Chain-of-Thought (CoT) is a prompting technique that instructs a Large Language Model to show its reasoning process step-by-step before arriving at a final answer, rather than generating an answer directly. By explicitly working through intermediate reasoning steps, CoT dramatically improves LLM accuracy on tasks requiring logic, math, multi-step analysis, or complex decision-making. The technique was discovered when researchers found that adding "Let's think step by step" to math prompts improved accuracy from 17% to 78% on standard benchmarks. CoT works because it forces the model to decompose complex problems into manageable sub-steps, generating the intermediate tokens that bridge the gap between question and answer — tokens that would be skipped in direct answering.
Why it matters
CoT prompting is one of the most impactful prompt engineering techniques available, often delivering the largest accuracy gains for the lowest implementation cost. Without CoT, LLMs attempt to jump directly from question to answer — a process analogous to solving a complex math problem in your head without writing anything down. For tasks involving multi-step reasoning, comparison, or analysis, this direct approach fails 40-70% of the time. With CoT, the model externalizes its reasoning process, catching errors at each step before they compound. This is particularly valuable for business-critical applications (financial analysis, legal reasoning, diagnostic systems) where the reasoning trace also serves as an auditable explanation of how the model reached its conclusion — essential for building trust and enabling human oversight.
How it works
CoT works by changing what the model generates before its final answer. In standard prompting, the model produces answer tokens directly. In CoT, the model first generates reasoning tokens — explicit intermediate steps, calculations, or logical deductions — and then produces the final answer based on that reasoning chain. This can be triggered by simple instructions ("Think step by step"), few-shot examples that demonstrate reasoning chains, or structured reasoning frameworks ("First, identify the key variables.
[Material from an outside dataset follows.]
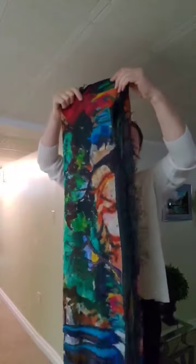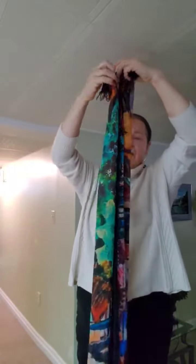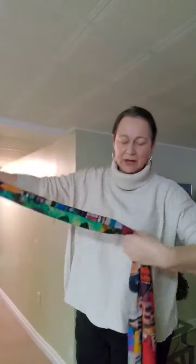Then take your fringe side halfway across, and then take the other side and cover it over to hide your fringe. It's a third-third. Come along and fold it in half with the folded side to the inside.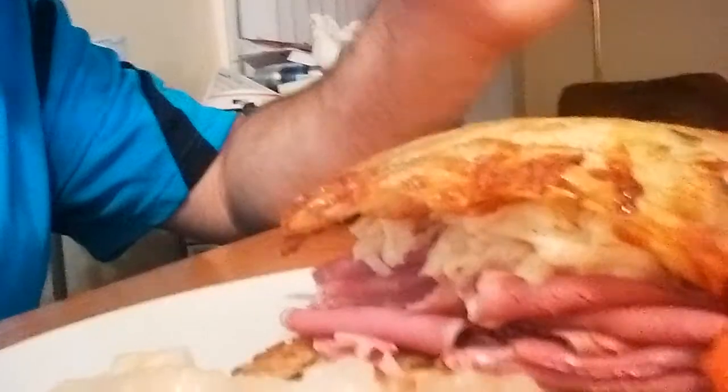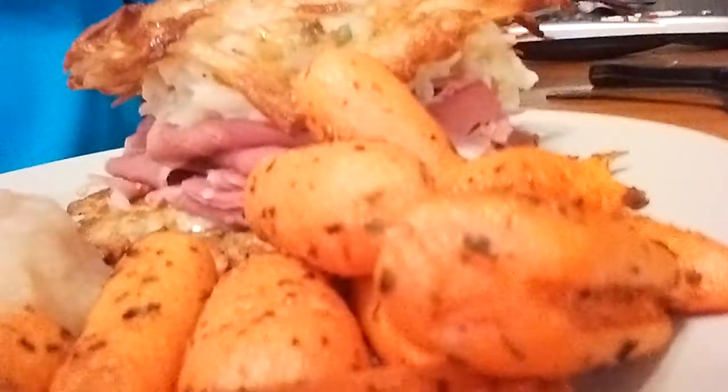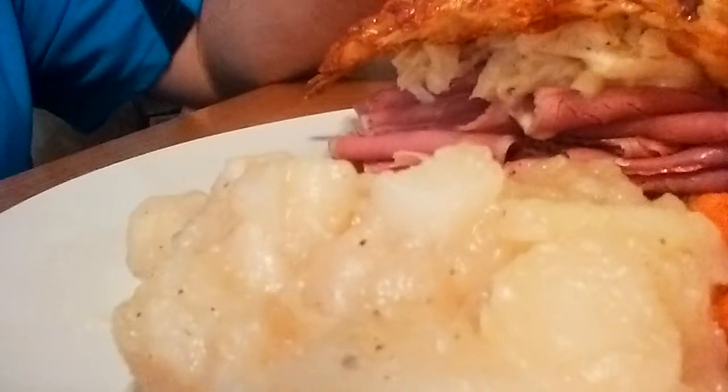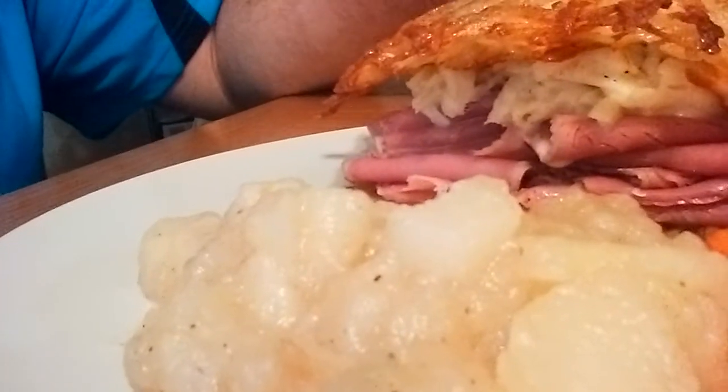Look at this — apple sour cream slaw, corned beef between two potato latkes, some oven roasted carrots for your veggies, and some homemade apple cinnamon pear sauce. Enjoy, happy holidays, talk to you later.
Then, determine the relationships. Next, calculate step by step. Finally, verify the result."). The technique is effective because LLMs process text sequentially — each generated token can attend to all previous tokens, including the reasoning steps. By generating intermediate reasoning, the model effectively gives itself a scratchpad. Advanced variants include self-consistency (generating multiple reasoning chains and selecting the majority answer) and tree-of-thought (exploring branching reasoning paths).
Example
An insurance company uses an LLM to analyze claims and recommend approval, denial, or escalation. Without CoT, the model reads a claim description and directly outputs a recommendation — achieving 62% agreement with expert adjusters. With a CoT prompt structure, the model is instructed to: "1) Identify the claim type and applicable policy. 2) List the covered events and exclusions relevant to this claim. 3) Assess whether the described incident matches covered events. 4) Check for any policy limits, deductibles, or waiting periods. 5) Note any ambiguities requiring human review. 6) Provide your recommendation with justification." Agreement with expert adjusters rises to 87%, and the reasoning trace becomes a valuable artifact — when the model recommends escalation, it explains exactly which ambiguity triggered that conservative decision, saving the human adjuster significant analysis time.